*Supplied entries*

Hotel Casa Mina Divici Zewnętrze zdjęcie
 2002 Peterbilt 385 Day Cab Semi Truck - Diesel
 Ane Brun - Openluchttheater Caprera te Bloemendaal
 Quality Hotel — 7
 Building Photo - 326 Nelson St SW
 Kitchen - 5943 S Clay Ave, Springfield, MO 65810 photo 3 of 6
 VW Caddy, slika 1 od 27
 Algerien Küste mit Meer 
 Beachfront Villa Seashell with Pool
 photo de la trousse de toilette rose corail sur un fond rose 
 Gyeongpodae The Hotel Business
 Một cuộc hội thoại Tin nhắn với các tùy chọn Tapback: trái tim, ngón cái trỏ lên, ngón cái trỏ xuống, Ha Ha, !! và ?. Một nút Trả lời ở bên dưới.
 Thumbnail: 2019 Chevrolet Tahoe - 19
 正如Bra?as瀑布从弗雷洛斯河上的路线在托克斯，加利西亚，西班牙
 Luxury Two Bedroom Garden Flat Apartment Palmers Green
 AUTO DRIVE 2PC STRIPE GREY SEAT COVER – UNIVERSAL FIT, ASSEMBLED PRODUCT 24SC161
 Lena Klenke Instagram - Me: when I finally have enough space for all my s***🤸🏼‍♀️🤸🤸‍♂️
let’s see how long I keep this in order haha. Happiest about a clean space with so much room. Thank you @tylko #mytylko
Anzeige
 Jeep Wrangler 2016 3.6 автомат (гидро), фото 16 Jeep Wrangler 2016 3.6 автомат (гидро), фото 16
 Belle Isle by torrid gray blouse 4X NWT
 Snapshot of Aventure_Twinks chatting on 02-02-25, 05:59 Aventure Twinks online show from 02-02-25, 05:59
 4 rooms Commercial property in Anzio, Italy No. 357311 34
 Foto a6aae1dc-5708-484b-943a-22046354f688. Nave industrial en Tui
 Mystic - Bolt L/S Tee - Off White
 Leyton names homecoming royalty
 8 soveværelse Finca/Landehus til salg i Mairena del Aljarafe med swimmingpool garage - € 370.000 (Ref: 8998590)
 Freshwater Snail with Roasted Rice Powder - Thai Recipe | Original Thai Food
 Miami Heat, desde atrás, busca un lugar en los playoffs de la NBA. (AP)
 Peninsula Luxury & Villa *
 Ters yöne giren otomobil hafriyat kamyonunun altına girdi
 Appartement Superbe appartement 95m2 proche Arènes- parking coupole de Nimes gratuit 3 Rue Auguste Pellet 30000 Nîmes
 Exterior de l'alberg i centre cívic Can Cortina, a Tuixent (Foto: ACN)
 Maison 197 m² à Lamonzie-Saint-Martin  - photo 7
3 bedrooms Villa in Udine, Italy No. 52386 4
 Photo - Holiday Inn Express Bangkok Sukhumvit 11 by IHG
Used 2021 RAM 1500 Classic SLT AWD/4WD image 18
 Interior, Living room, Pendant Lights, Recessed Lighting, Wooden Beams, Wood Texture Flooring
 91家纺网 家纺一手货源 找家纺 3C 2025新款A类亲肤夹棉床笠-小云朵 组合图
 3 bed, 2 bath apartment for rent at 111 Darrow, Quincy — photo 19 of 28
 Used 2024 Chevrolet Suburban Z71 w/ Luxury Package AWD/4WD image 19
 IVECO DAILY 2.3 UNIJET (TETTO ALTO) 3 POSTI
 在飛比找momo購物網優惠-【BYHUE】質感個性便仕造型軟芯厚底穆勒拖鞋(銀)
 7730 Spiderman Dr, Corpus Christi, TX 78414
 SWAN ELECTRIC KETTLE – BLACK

*Goal of the exercise*
From the line containing "Peninsula Luxury & Villa *" down to the last line of the material, each line is to be retyped exactly; no other lines belong in the answer.

*Result for this task*
 Peninsula Luxury & Villa *
 Ters yöne giren otomobil hafriyat kamyonunun altına girdi
 Appartement Superbe appartement 95m2 proche Arènes- parking coupole de Nimes gratuit 3 Rue Auguste Pellet 30000 Nîmes
 Exterior de l'alberg i centre cívic Can Cortina, a Tuixent (Foto: ACN)
 Maison 197 m² à Lamonzie-Saint-Martin  - photo 7
3 bedrooms Villa in Udine, Italy No. 52386 4
 Photo - Holiday Inn Express Bangkok Sukhumvit 11 by IHG
Used 2021 RAM 1500 Classic SLT AWD/4WD image 18
 Interior, Living room, Pendant Lights, Recessed Lighting, Wooden Beams, Wood Texture Flooring
 91家纺网 家纺一手货源 找家纺 3C 2025新款A类亲肤夹棉床笠-小云朵 组合图
 3 bed, 2 bath apartment for rent at 111 Darrow, Quincy — photo 19 of 28
 Used 2024 Chevrolet Suburban Z71 w/ Luxury Package AWD/4WD image 19
 IVECO DAILY 2.3 UNIJET (TETTO ALTO) 3 POSTI
 在飛比找momo購物網優惠-【BYHUE】質感個性便仕造型軟芯厚底穆勒拖鞋(銀)
 7730 Spiderman Dr, Corpus Christi, TX 78414
 SWAN ELECTRIC KETTLE – BLACK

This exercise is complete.